What the task requires: Starting with the line where "Caring Cancer (zodiac)eyeshadow Palette" appears, print every line through the end of the entries below exactly as it stands, and leave out the pictures.

[Source records]
━━━━━━━━━━━━━━━━━━━━━━━━━━━━━━

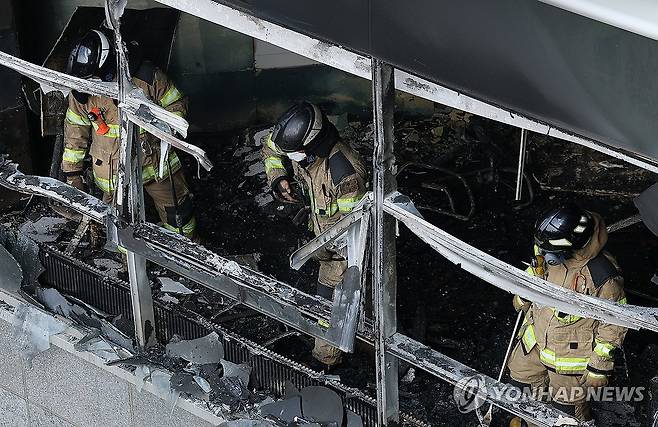 역삼동 빌딩 화재 현장 (서울=연합뉴스) 김성민 기자 = 20일 서울 강남구 역삼동 한 건물에서 화재가 발생해 소방대원들이 잔불을 정리하는 등 진화작업을 펼치고 있다. 2026.10.20 ksm7976@yna.co.kr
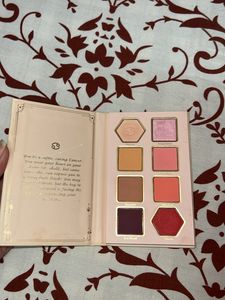 Caring Cancer (zodiac)eyeshadow Palette
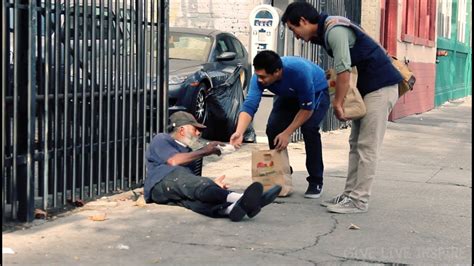 Helping the Homeless - Giving Out Lunch - YouTube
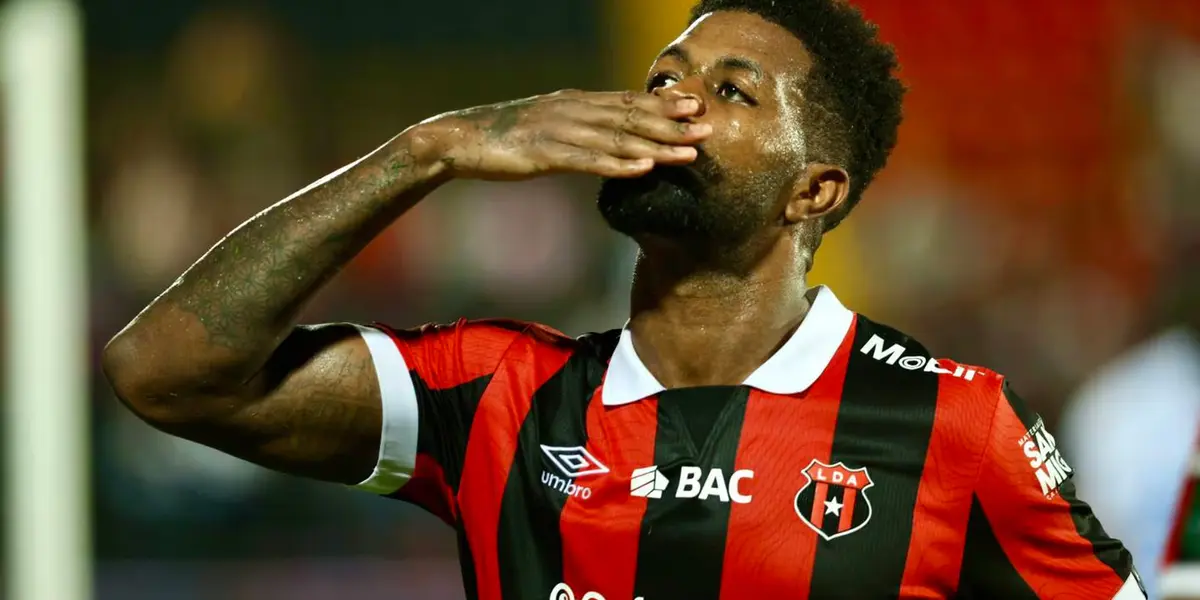 Manjrekar James celebrando su primer gol con Alajuelense. Foto: La Teja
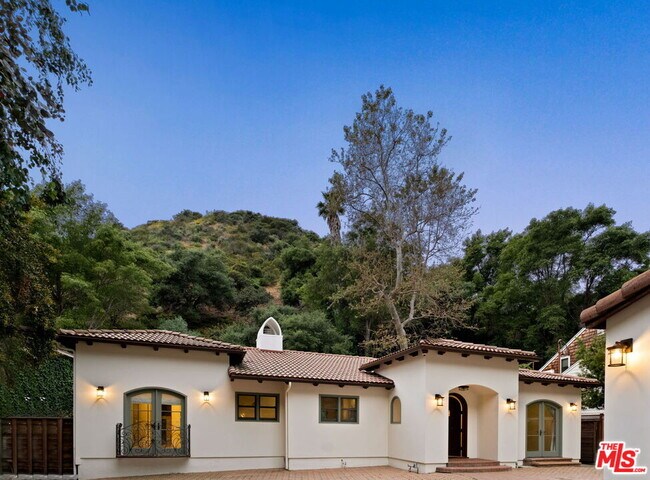 Building Photo - 1955 Benedict Canyon Drive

━━━━━━━━━━━━━━━━━━━━━━━━━━━━━━

Your response:
 Caring Cancer (zodiac)eyeshadow Palette
 Helping the Homeless - Giving Out Lunch - YouTube
 Manjrekar James celebrando su primer gol con Alajuelense. Foto: La Teja
 Building Photo - 1955 Benedict Canyon Drive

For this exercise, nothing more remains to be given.